In the meantime, an interesting Silicon Valley nonprofit is tackling a similar problem—namely, how to encourage the growth of tech skills in developing nations—in a completely different way. Samasource, founded in 2008, works with companies like Google, Microsoft and Getty Images to provide jobs for people in the Third World. Such jobs, sometimes dubbed “microwork,” include data entry and processing, photo tagging and machine learning.
The workers receive training on software and programs created by Samasource. Once they’re familiar with technical tasks, they can begin earning money by doing online work for companies halfway around the globe. Samasource provides income and educational opportunities for marginalized workers in slums, refugee camps, and impoverished communities across Africa, Asia and the Caribbean.

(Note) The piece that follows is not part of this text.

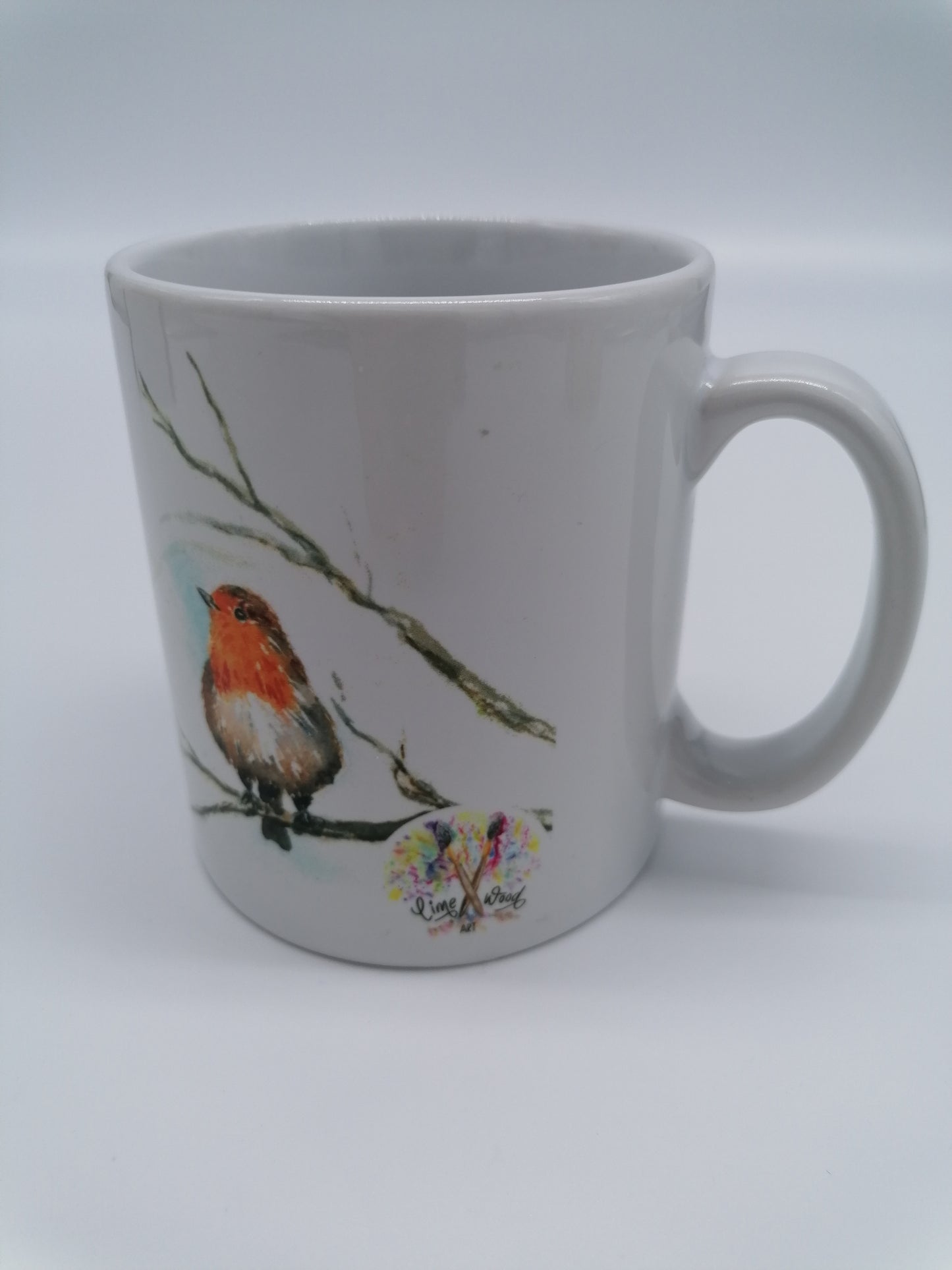 Four Seasons Mug Collection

I talked with Samasource founder Leila Janah about the challenges of building tech-centered businesses in countries without reliable electricity, how Samasource works and the role technology can play in development. What follows is a lightly edited transcript of our conversation.
Rural Africa, Meet The Internet
RW: What are some of the challenges you faced implementing technology in third-world countries?
LJ: The challenges are more nuanced than anything. We have a very first-world, or insular view of technology, especially where we are in Silicon Valley. I’ve been to parts of America like Mississippi where it’s as difficult to access high speed Internet as it is in Africa. And I think very few people who are here and whose cell phones work beautifully and who can always go online are aware of the very real challenges of just accessing the basic layers of technology in less wealthy locations.
That said, there’s also a stereotype about Africa—I heard this a lot from our funders—that people in sub-Saharan Africa need to focus on food and water, and tech is the last thing on their minds. Why are we bothering with cell phones when what they really need is rice?
I think that’s ridiculous. Humans everywhere have the same desire to connect and to contribute, and what I’ve seen is that young kids in refugee camps in Kenya are as likely to be proficient and heavy users of Facebook Zero when it was out, or SMS, as their peers in the U.S. The only thing that they don’t have maybe is a lot of data so they can’t send pictures back and forth.
You’d be surprised—there are young people in all kinds of developing markets who are more proficient and tech savvy than people here. There are two sides to that coin. The biggest challenge we see is often infrastructure. The price of getting online has gone down 90% in some regions in the last few years because it’s now fiber and it used to be all satellite.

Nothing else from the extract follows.